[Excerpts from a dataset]
━━━━━━━━━━
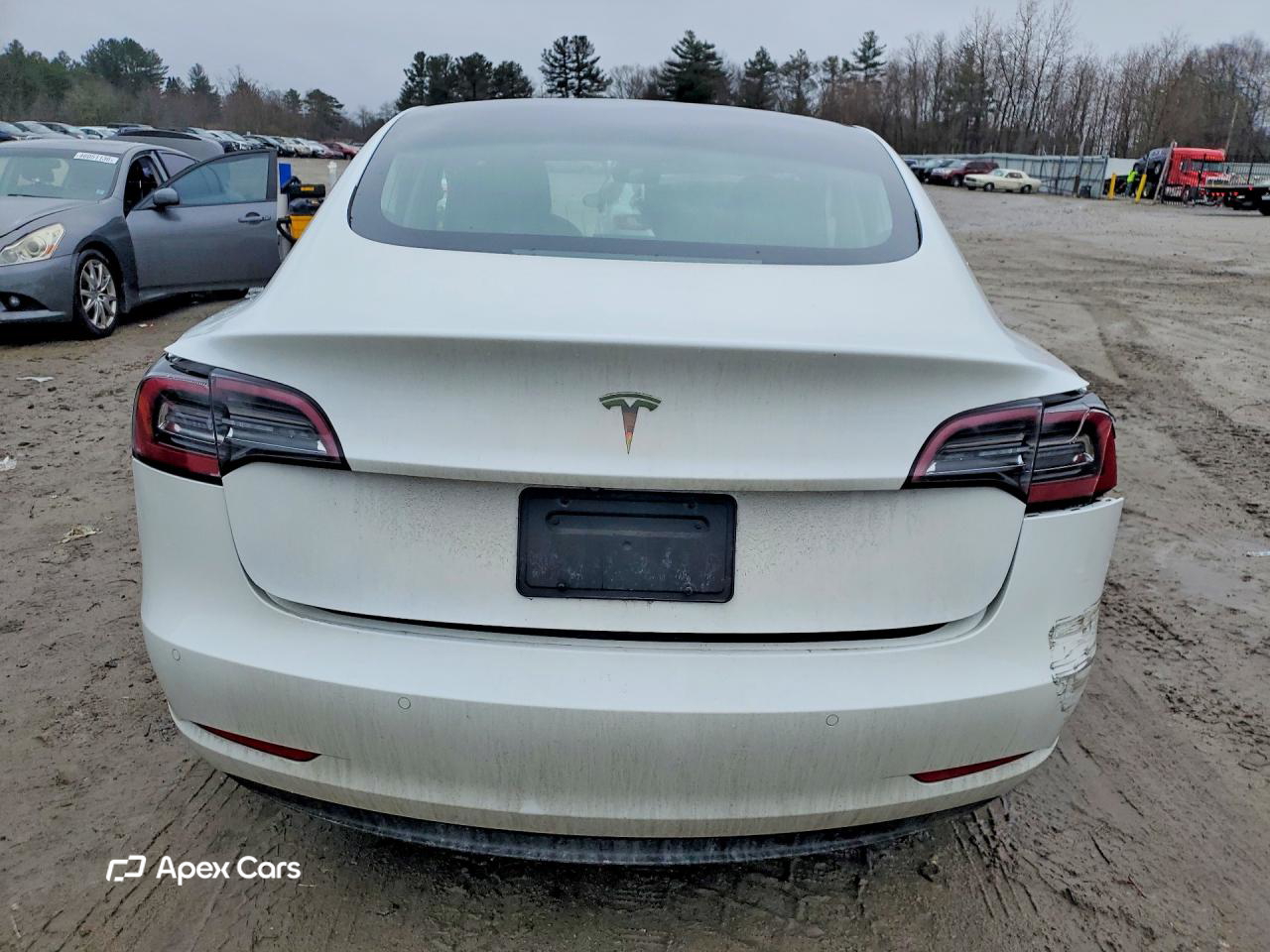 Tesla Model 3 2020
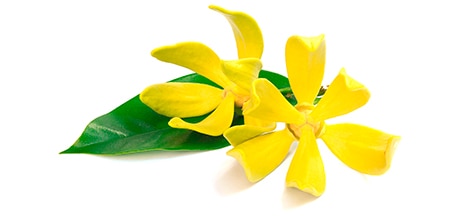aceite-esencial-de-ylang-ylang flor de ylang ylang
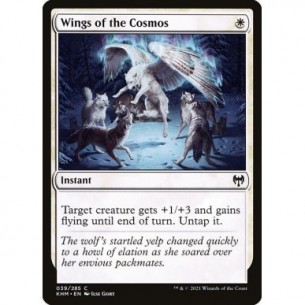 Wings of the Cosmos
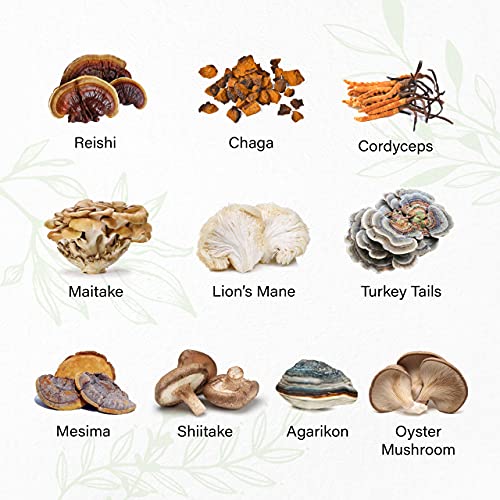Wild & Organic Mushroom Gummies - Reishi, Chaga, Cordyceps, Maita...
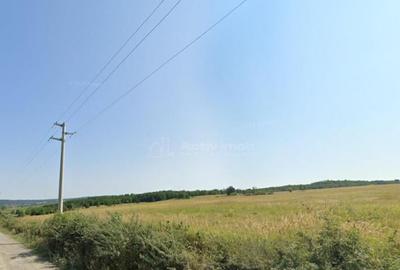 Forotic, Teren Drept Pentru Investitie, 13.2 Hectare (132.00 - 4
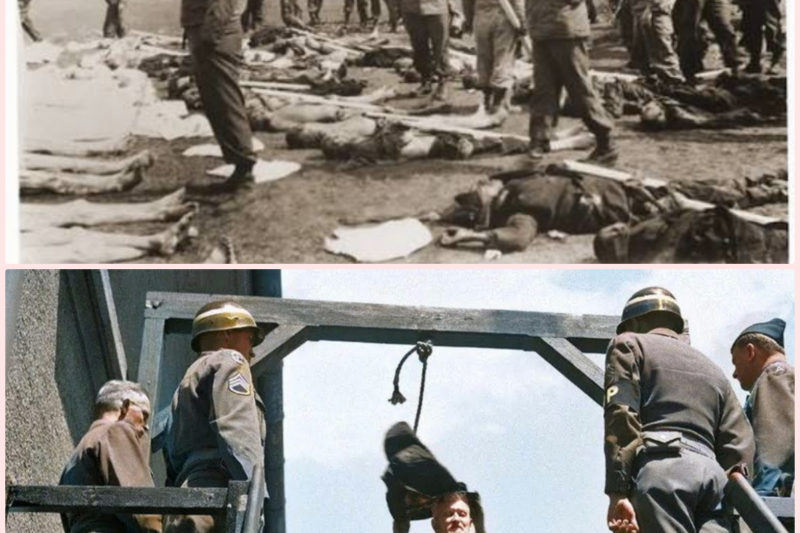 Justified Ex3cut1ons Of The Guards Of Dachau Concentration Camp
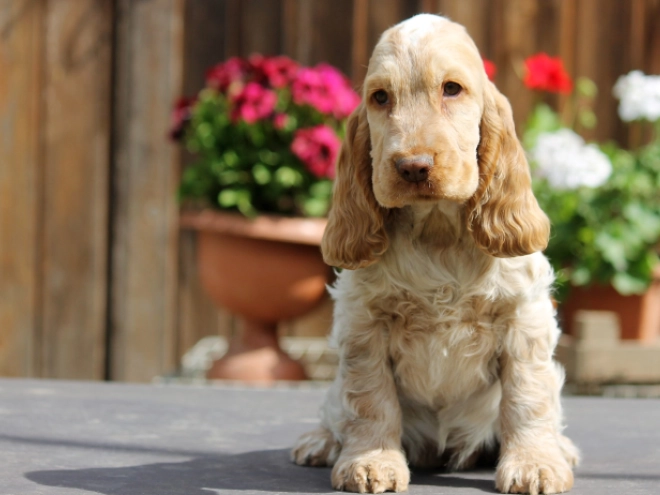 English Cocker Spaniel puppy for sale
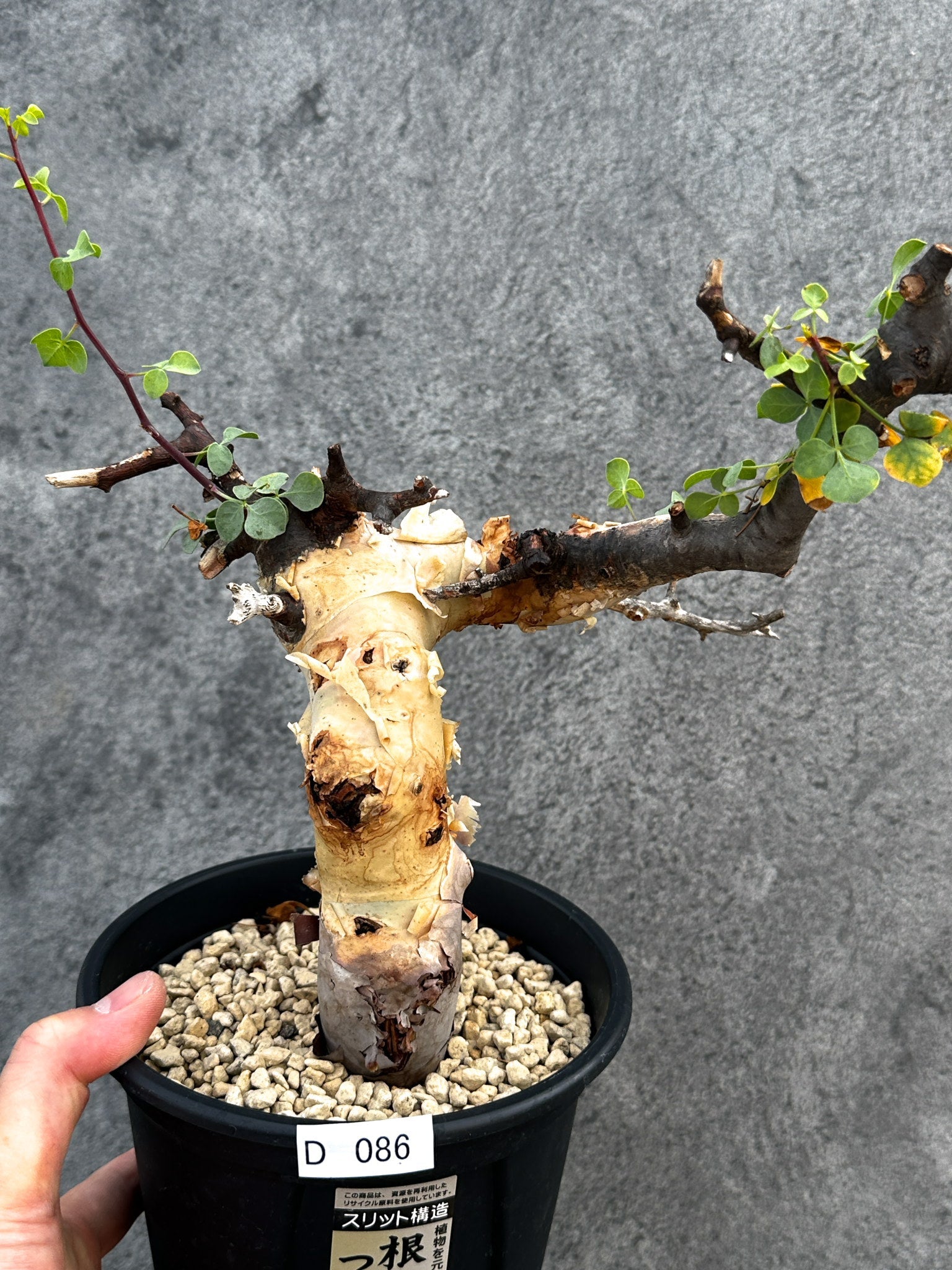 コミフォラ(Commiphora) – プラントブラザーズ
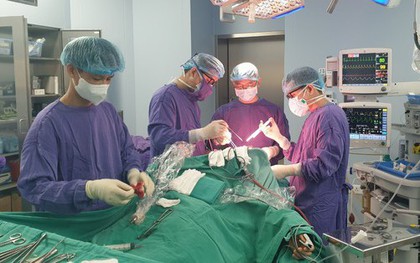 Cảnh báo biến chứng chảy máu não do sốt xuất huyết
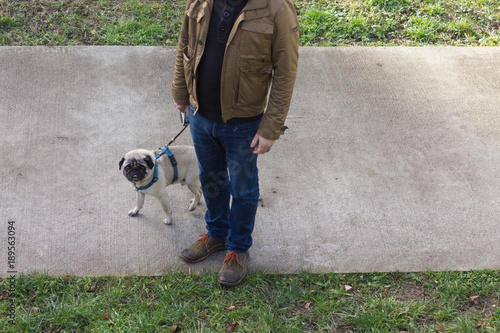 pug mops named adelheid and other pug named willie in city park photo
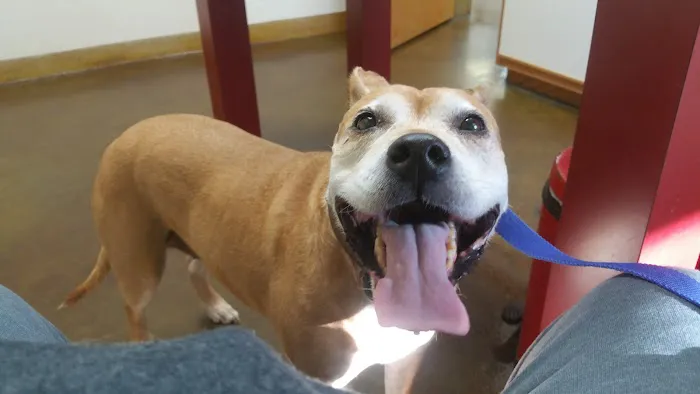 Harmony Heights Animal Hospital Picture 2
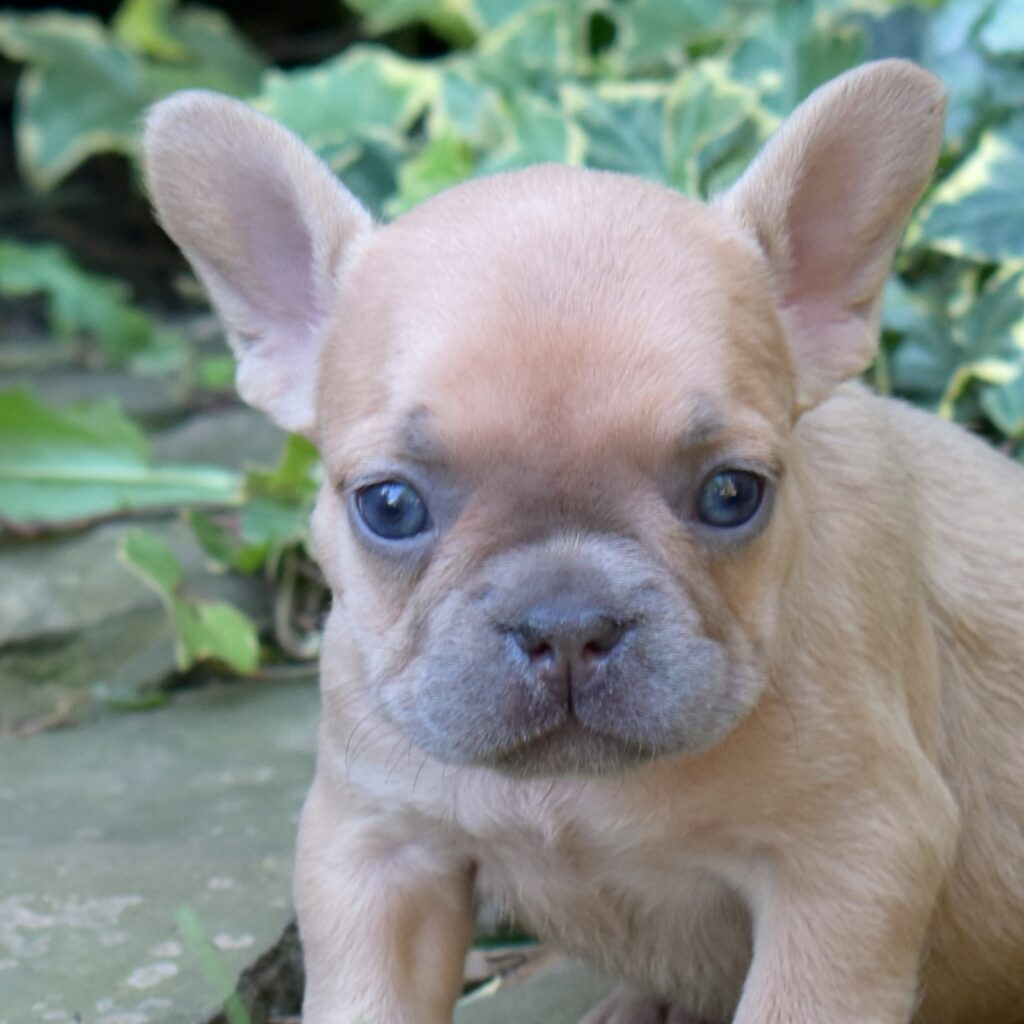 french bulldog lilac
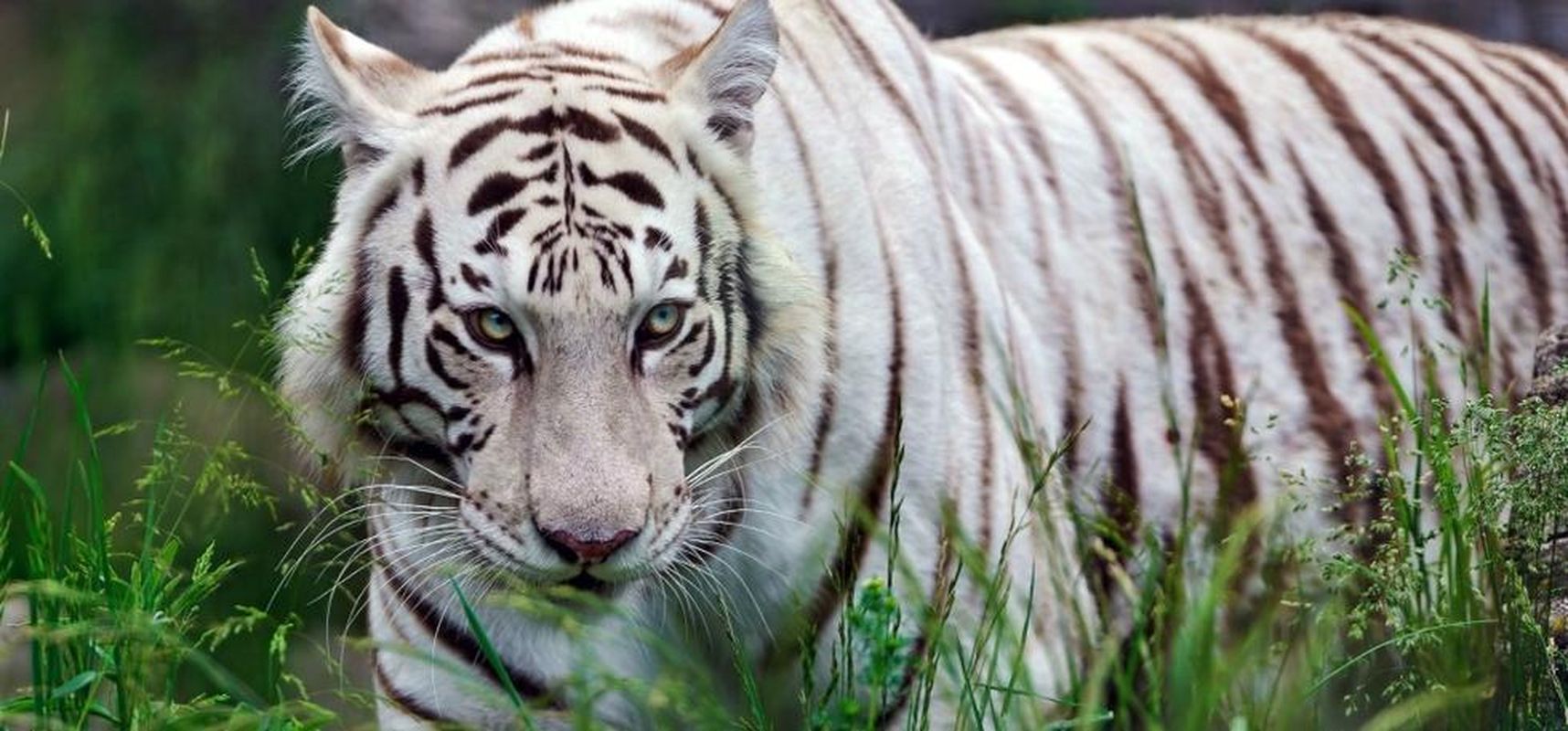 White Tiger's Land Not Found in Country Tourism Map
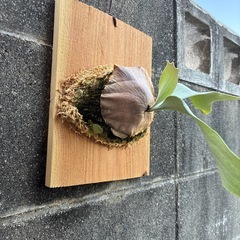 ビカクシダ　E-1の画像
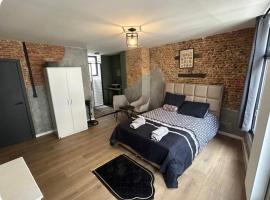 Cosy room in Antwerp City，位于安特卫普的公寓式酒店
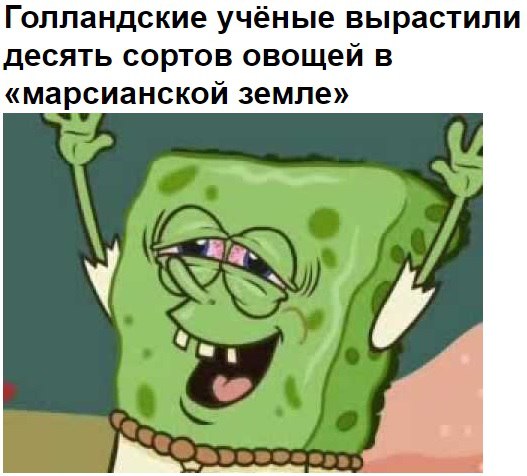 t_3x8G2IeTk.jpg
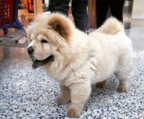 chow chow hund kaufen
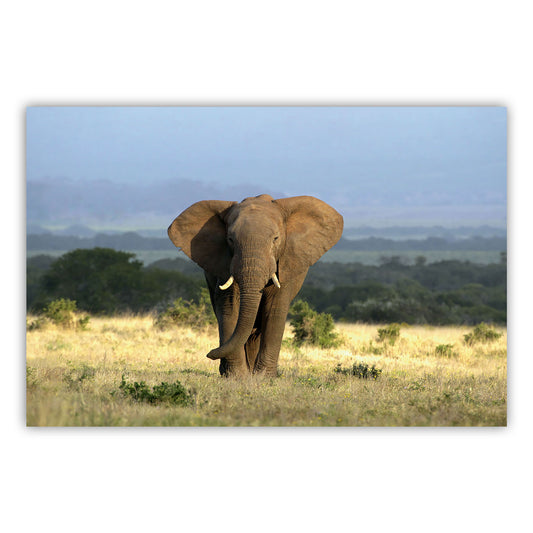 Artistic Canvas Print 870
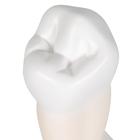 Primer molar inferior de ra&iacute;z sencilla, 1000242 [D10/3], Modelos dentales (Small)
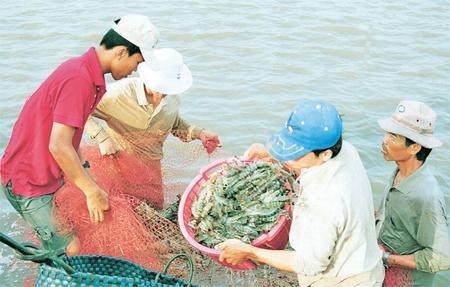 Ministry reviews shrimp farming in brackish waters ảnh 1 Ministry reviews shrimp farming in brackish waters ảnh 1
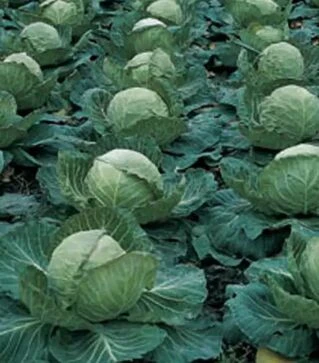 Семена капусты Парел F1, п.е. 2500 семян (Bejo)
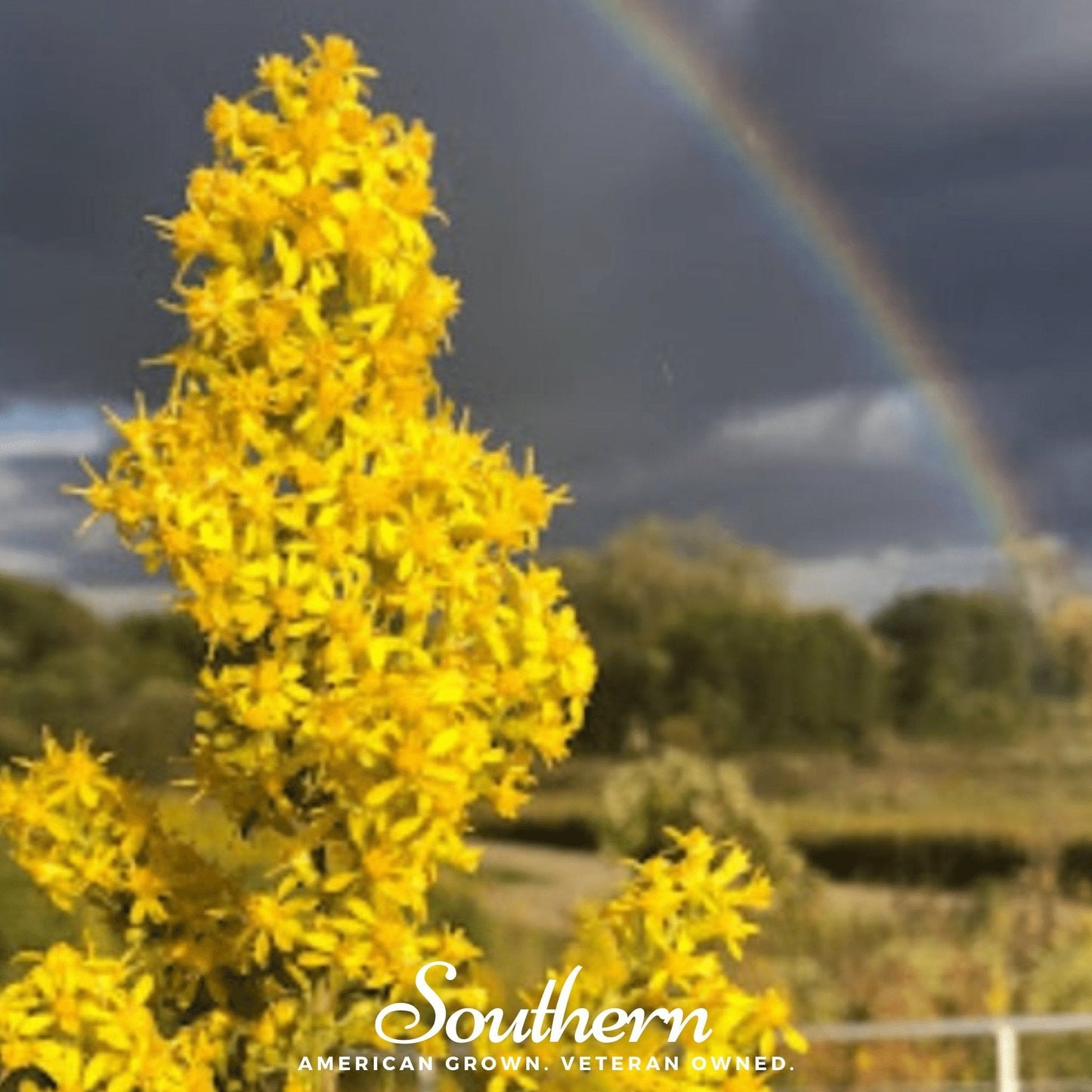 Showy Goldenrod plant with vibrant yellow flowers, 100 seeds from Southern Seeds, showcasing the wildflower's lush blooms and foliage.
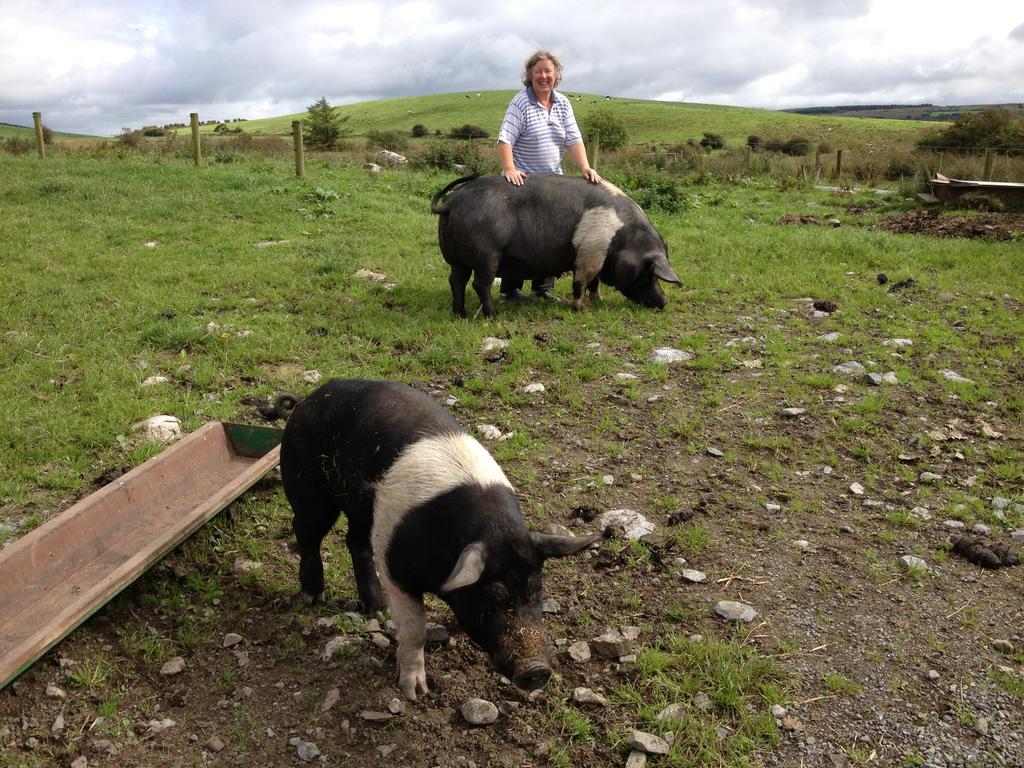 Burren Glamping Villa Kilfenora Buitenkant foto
━━━━━━━━━━
> _EXERCISE DESCRIPTION_: Each entry above is to be written out exactly. The pictures stay out.

> _RESULT OF THIS EXERCISE_:
 Tesla Model 3 2020
aceite-esencial-de-ylang-ylang flor de ylang ylang
 Wings of the Cosmos
Wild & Organic Mushroom Gummies - Reishi, Chaga, Cordyceps, Maita...
 Forotic, Teren Drept Pentru Investitie, 13.2 Hectare (132.00 - 4
 Justified Ex3cut1ons Of The Guards Of Dachau Concentration Camp
 English Cocker Spaniel puppy for sale
 コミフォラ(Commiphora) – プラントブラザーズ
 Cảnh báo biến chứng chảy máu não do sốt xuất huyết
 pug mops named adelheid and other pug named willie in city park photo
 Harmony Heights Animal Hospital Picture 2
 french bulldog lilac
 White Tiger's Land Not Found in Country Tourism Map
 ビカクシダ　E-1の画像
 Cosy room in Antwerp City，位于安特卫普的公寓式酒店
 t_3x8G2IeTk.jpg
 chow chow hund kaufen
 Artistic Canvas Print 870
 Primer molar inferior de ra&iacute;z sencilla, 1000242 [D10/3], Modelos dentales (Small)
 Ministry reviews shrimp farming in brackish waters ảnh 1 Ministry reviews shrimp farming in brackish waters ảnh 1
 Семена капусты Парел F1, п.е. 2500 семян (Bejo)
 Showy Goldenrod plant with vibrant yellow flowers, 100 seeds from Southern Seeds, showcasing the wildflower's lush blooms and foliage.
 Burren Glamping Villa Kilfenora Buitenkant foto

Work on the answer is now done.